Criminals who attack police officers should go to jail, “no ifs, no buts”, a crime chief has said as she called for tougher sentences on perpetrators.
Katy Bourne, the new chairwoman of the Association of Police and Crime Commissioners (APCC), spoke out after Pc Andrew Harper was killed while responding to reports of a burglary in Berkshire.
The 28-year-old Thames Valley Police officer died on duty from multiple injuries after being dragged under a vehicle near the village of Sulhamstead on August 15.
Mrs Bourne’s comments come as the National Police Chiefs’ Council called on senior officers across the country to gather for an urgent summit next month to discuss what more can be done to protect officers.
In her first interview since taking on the role, Mrs Bourne told the PA news agency: “If you attack a police officer, you need to know you will go to prison; no ifs, no buts.
“I think a strengthening of the sentences there would be very welcome. I’m sure the public feel exactly the same.
“How have we come (to a point) as a society to the fact where we almost accept this every day?”
Mrs Bourne – who also sits on the Prime Minister’s recently formed National Policing Board and is the police and crime commissioner for Sussex – is keen to see the Home Office push through plans for a police covenant, which intends to demonstrate the Government’s support of officers.
And she thinks more should be done to acknowledge the bravery of officers.
Mrs Bourne branded the rise in assaults on officers in her own “relatively safe, peaceful” county as “unacceptable”, saying this showed the scale and severity of the problem.
Over the last four years the number of Sussex officers injured in attacks has risen by 16%, she said, adding that there were more than 1,000 assaults alone last year – averaging three a day.
She added: “You don’t join police to be assaulted, you join police to protect your community.
“We look to them to protect us.
“If we are averaging three a day in Sussex and we are meant to be a relatively safe, peaceful county it just shows you that the violence on the streets is unacceptable.
“We shouldn’t accept it but also when we do catch people I think the sentencing needs to be reflective of the seriousness of the crime.”
Pc Harper is the first officer to be killed in action since March 2017, when unarmed Pc Keith Palmer was stabbed by Khalid Masood during the Westminster Bridge terror attack.
On Friday his family said their “lives and hearts have been torn apart” as they were joined by his colleagues and forces around the country to observe a minute’s silence in his honour a week since his death.

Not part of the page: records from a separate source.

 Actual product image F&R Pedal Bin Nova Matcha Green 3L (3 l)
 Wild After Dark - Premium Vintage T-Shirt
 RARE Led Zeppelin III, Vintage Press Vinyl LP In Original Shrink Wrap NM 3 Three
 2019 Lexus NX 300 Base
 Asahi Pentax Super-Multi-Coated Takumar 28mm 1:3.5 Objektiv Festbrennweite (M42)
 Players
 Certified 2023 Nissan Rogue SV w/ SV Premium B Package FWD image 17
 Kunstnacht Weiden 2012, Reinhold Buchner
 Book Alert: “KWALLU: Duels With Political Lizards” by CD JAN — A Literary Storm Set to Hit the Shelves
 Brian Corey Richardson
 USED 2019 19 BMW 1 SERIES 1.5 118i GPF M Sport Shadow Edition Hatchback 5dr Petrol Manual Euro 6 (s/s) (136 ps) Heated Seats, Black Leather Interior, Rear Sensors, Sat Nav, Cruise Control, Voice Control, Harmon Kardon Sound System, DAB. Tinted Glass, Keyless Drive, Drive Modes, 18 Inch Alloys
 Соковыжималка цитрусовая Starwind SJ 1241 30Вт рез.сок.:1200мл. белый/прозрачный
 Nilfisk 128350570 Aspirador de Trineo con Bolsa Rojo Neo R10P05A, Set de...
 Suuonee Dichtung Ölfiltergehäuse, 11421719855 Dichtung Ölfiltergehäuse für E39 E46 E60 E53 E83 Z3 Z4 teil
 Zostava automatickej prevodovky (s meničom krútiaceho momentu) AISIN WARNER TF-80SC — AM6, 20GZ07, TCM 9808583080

More than £270,000 has been donated so far in his memory.
His death follows a series of attacks on police officers in recent weeks and the latest figures showed a 27% rise in assaults on Pcs resulting in injury in the last year.

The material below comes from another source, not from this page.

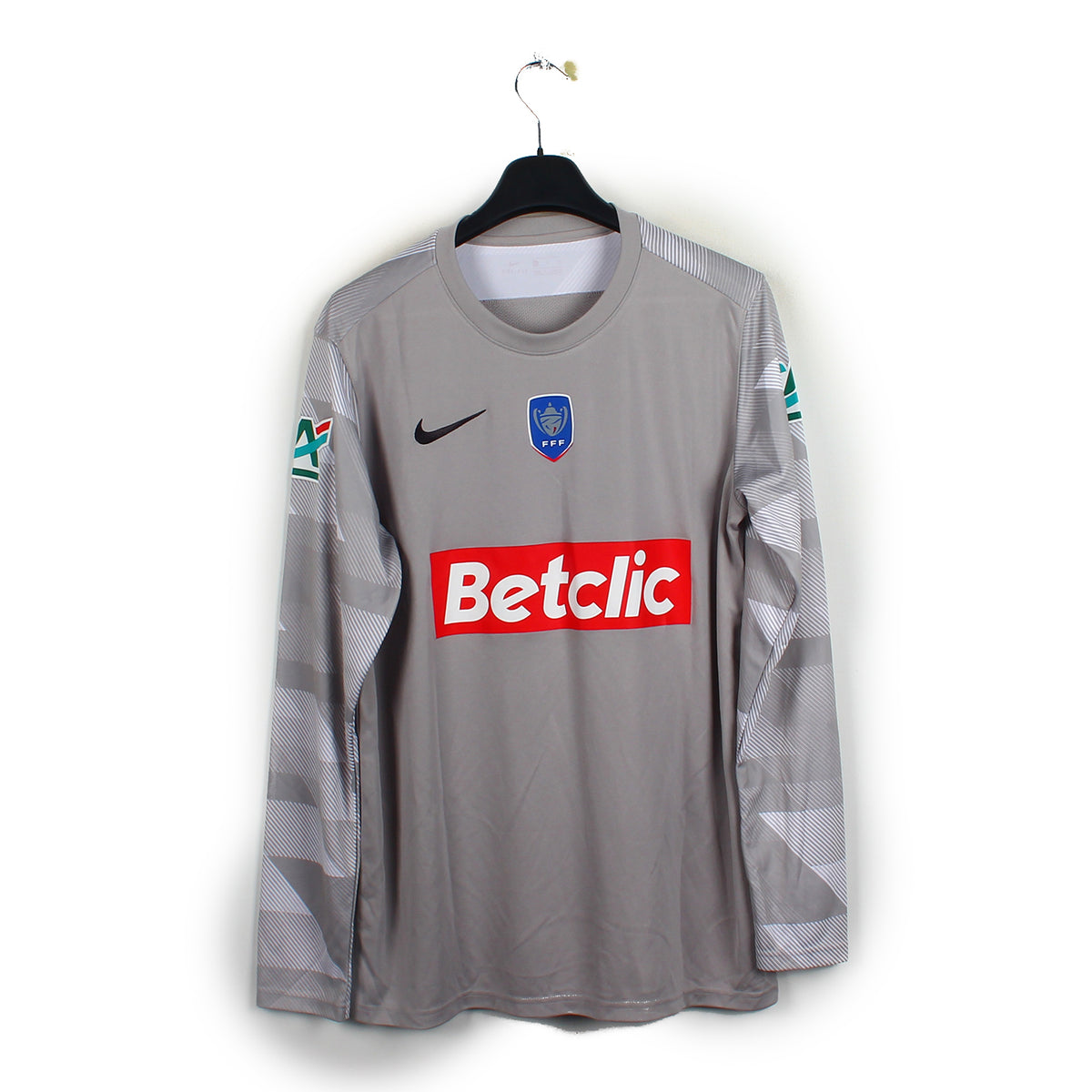2020/21 - Coupe de France #16 (XL) [MATCH ISSUE]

This month, Pc Gareth Phillips, a 42-year-old West Midlands Police traffic officer, was run over by a suspected car thief in Birmingham.
The incident came just days after Metropolitan Police constable Stuart Outten, 28, was left with head and hand injuries after challenging a motor offences suspect allegedly armed with a machete in Leyton, east London.
According to the Office for National Statistics there were 10,399 incidents recorded between April 2018 and March this year – 2,242 more than the 8,157 for the same period the previous year.
Since last year, the maximum jail term for people who attacked emergency services was increased from six to 12 months.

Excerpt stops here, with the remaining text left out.